Short web captions:
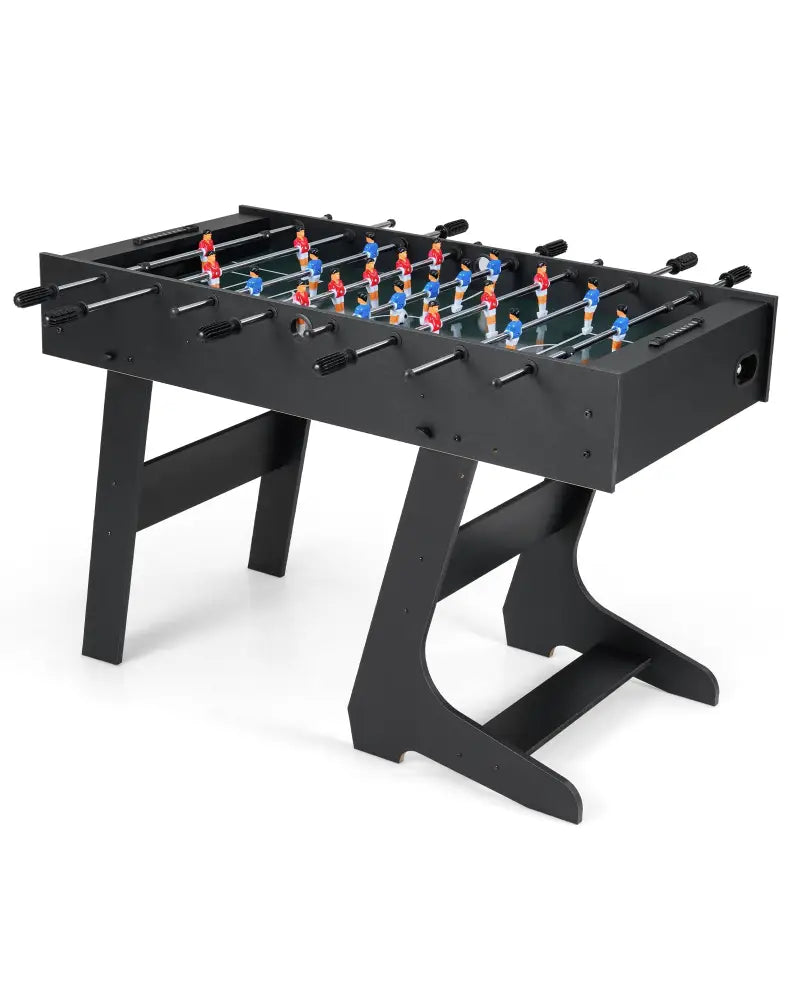 Folding Foosball Table with 22 Players and Slide Scorers Space-Saving Game Table-Black - Black - Game Room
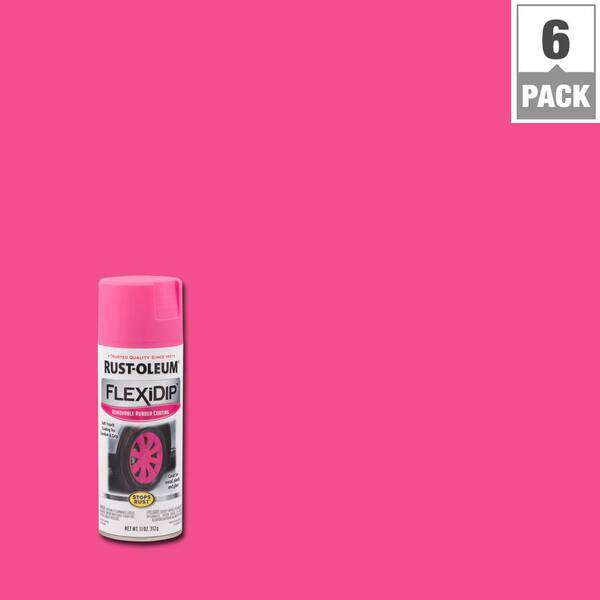 Rust-Oleum FlexiDip 11 oz. Matte Bright Pink Removable Rubber Coating Spray Paint (6-Pack)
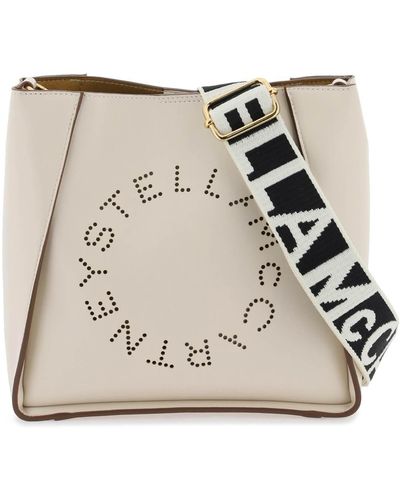 Stella McCartney Crossbody Bag With Perforated Stella Logo - Natural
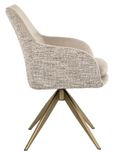 Lisonne Natural Khaki Velvet Fabric Swivel Dining Chair with Brushed Gold Legs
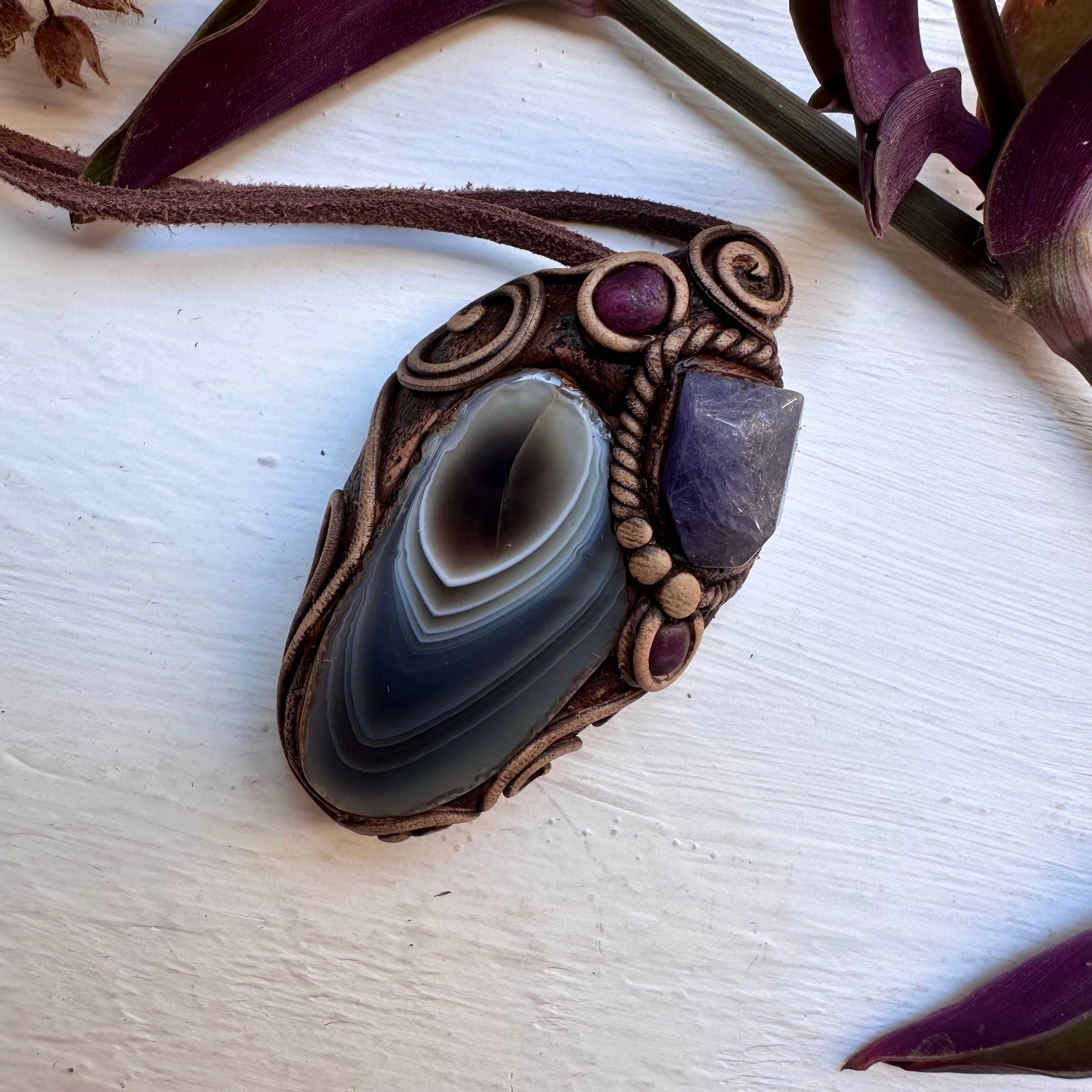 Botswana Agate Tanzanite and Ruby Necklace - FairyGardenGlow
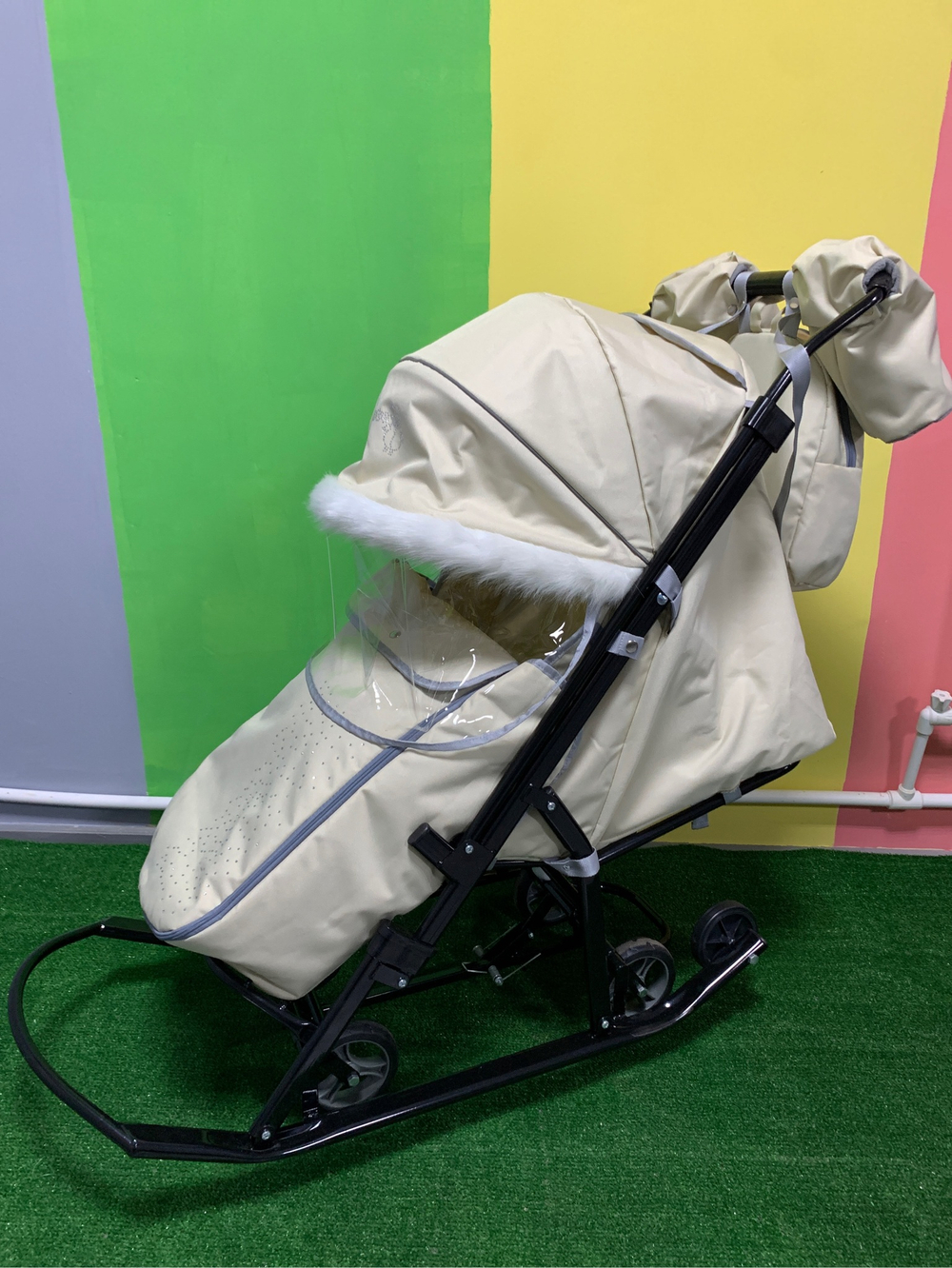 Санки-коляски Pikate КС Снеговик Бежевый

TASK TO CARRY OUT: Word for word, write out each line from the one with "Stella McCartney Crossbody" through the end of the entries above, and omit any pictures.

SOLUTION FOR THIS TASK:
 Stella McCartney Crossbody Bag With Perforated Stella Logo - Natural
 Lisonne Natural Khaki Velvet Fabric Swivel Dining Chair with Brushed Gold Legs
 Botswana Agate Tanzanite and Ruby Necklace - FairyGardenGlow
 Санки-коляски Pikate КС Снеговик Бежевый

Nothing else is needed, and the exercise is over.